→ DATA FOR ANALYSIS:
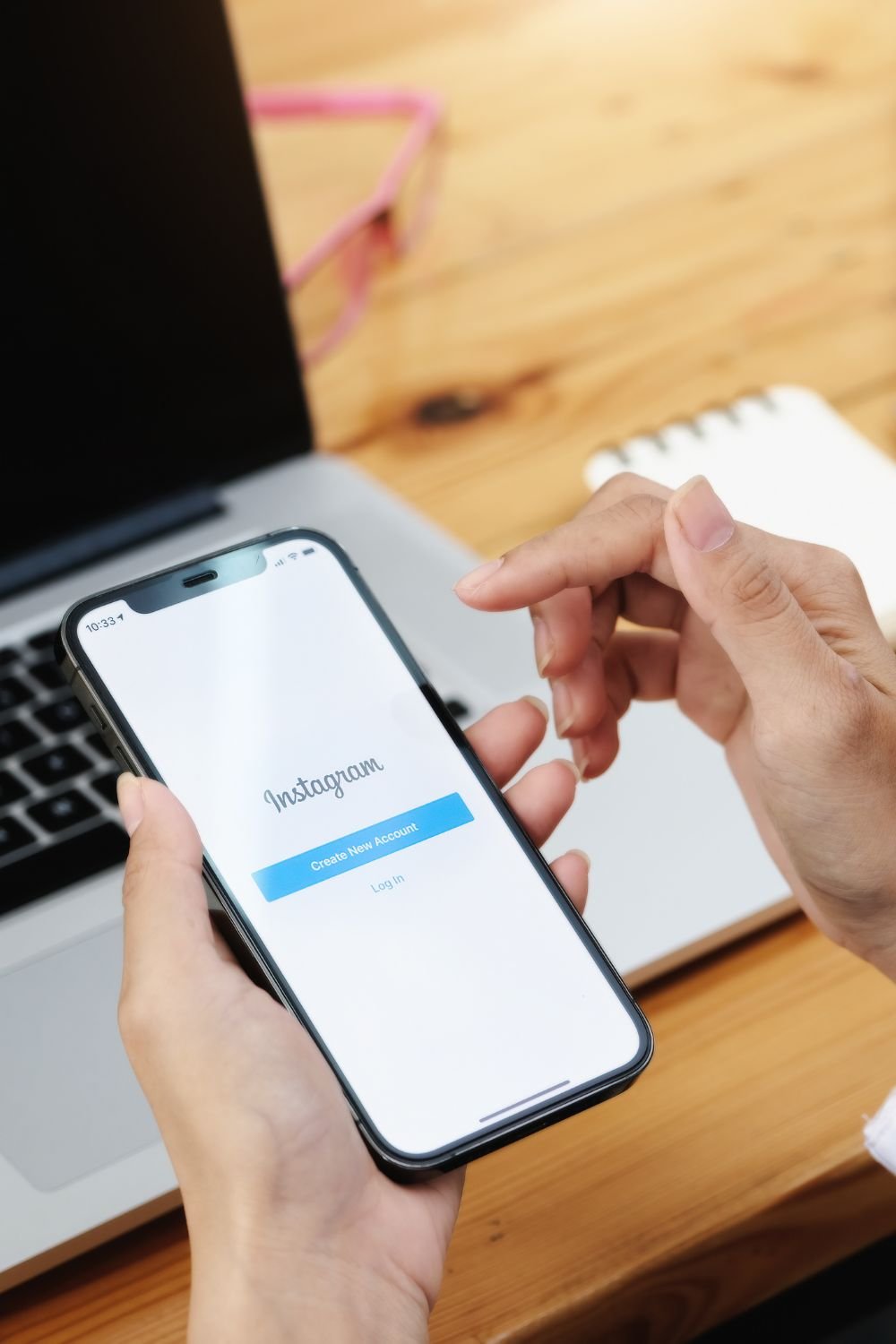 Person holding a smartphone with the Instagram login screen open, ready to create a new account.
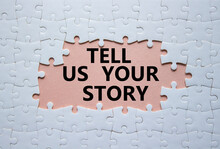 Tell Us Your Story Symbol. Concept Words Tell Us Your Story On White Puzzle. Beautiful Pink Background. Business And Tell Us Your Story Concept. Copy Space.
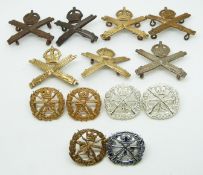 Thirteen British Army Machine Gun Corps, one silver by J.R.Gaunt, and Small Arms Corps metal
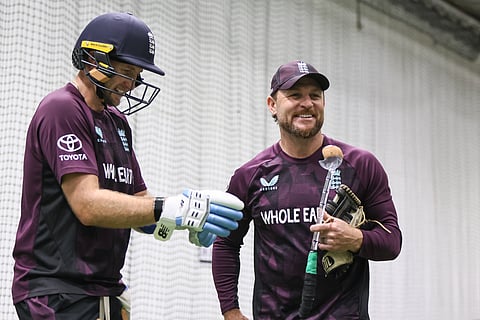 Brendon McCullum shares a laugh with Joe Root in the nets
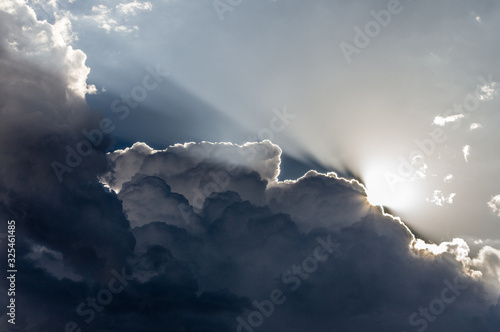 Clouds and Light. Sunlight backlights clouds with blue sky. photo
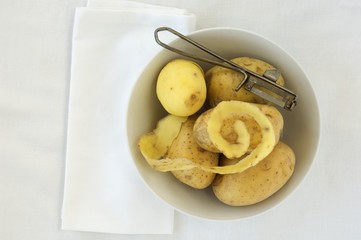 Potatoes and a peeler in a bowl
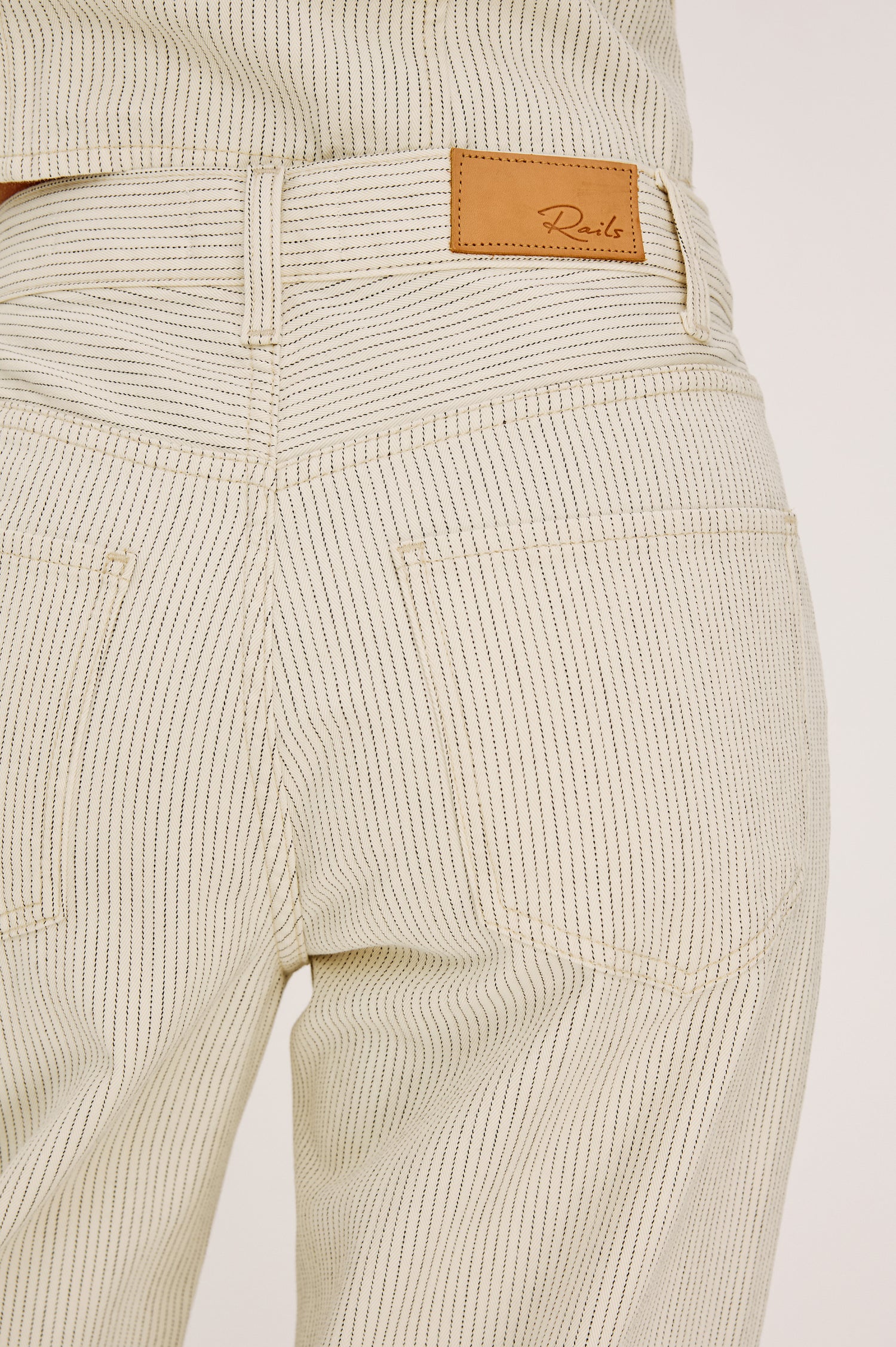 Belmont Arc Leg Jean in Rigid Denim With High-Waisted Fit, Button Fly, and 32″ Inseam in Ecru Railroad Stripe Colorway - Lower Body Back View Featured on Model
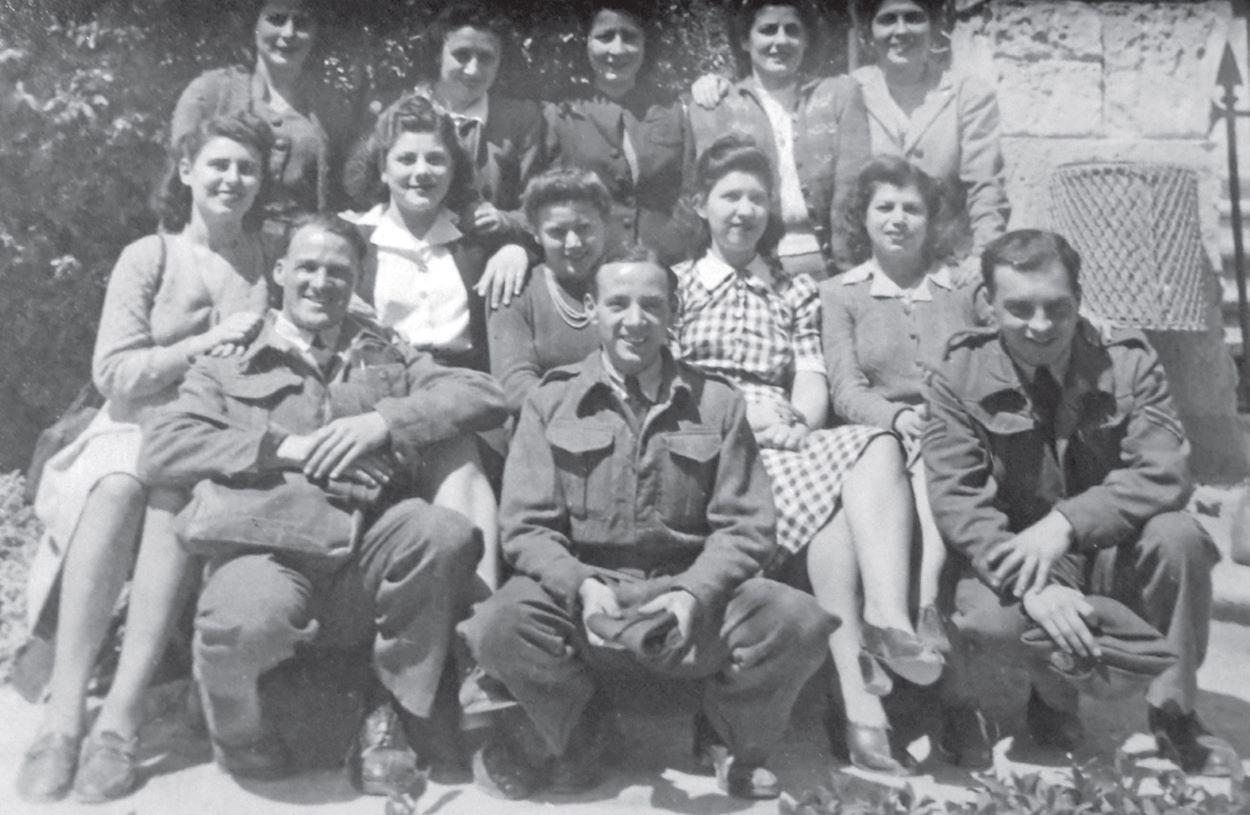 D Watch, 1944. Back: Not known, Sarah Demajo, Win Turk, Kay Xuereb, Carmen Borg. Middle: Stella Vella, Julie Xuereb, Mary Aitken, Lily Turk, not known. Front: Three men, not known.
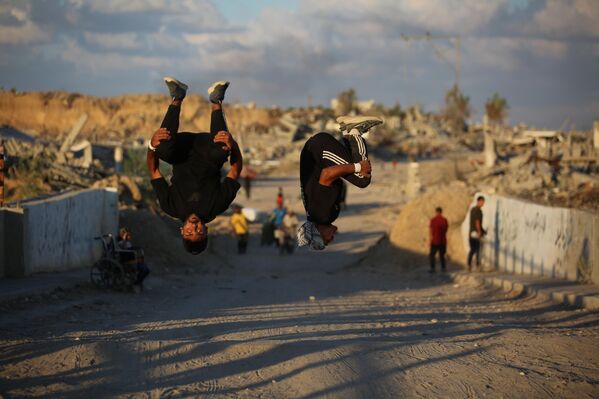 Các vận động viên trẻ người Palestine trình diễn kỹ thuật parkour giữa đống đổ nát của những tòa nhà bị phá hủy ở khu vực Al-Mugraqa sau lệnh ngừng bắn ở Thành phố Gaza. - Sputnik Việt Nam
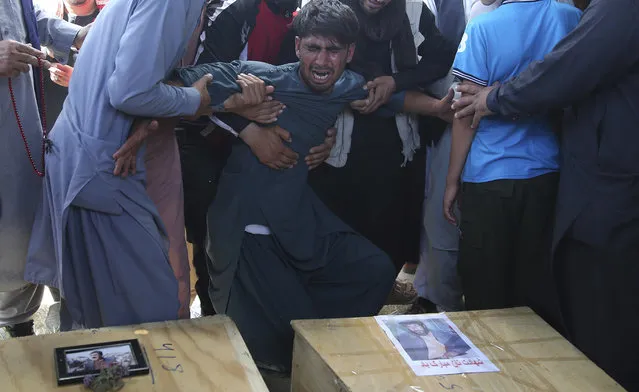 A relative wails near the coffins of victims of the Dubai City wedding hall bombing during a mass funeral in Kabul, Afghanistan, Sunday, August18, 2019. The deadly bombing at the wedding in Afghanistan's capital late Saturday that killed dozens of people was a stark reminder that the war-weary country faces daily threats not only from the long-established Taliban but also from a brutal local affiliate of the Islamic State group, which claimed responsibility for the attack. (Photo by Rafiq Maqbool/AP Photo)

→ EXERCISE PROMPT: Once the line containing "Các vận động" is located, write out exactly that line and each one after it to the end of the records above, excluding pictures and nothing else.

→ TASK RESPONSE:
 Các vận động viên trẻ người Palestine trình diễn kỹ thuật parkour giữa đống đổ nát của những tòa nhà bị phá hủy ở khu vực Al-Mugraqa sau lệnh ngừng bắn ở Thành phố Gaza. - Sputnik Việt Nam
 A relative wails near the coffins of victims of the Dubai City wedding hall bombing during a mass funeral in Kabul, Afghanistan, Sunday, August18, 2019. The deadly bombing at the wedding in Afghanistan's capital late Saturday that killed dozens of people was a stark reminder that the war-weary country faces daily threats not only from the long-established Taliban but also from a brutal local affiliate of the Islamic State group, which claimed responsibility for the attack. (Photo by Rafiq Maqbool/AP Photo)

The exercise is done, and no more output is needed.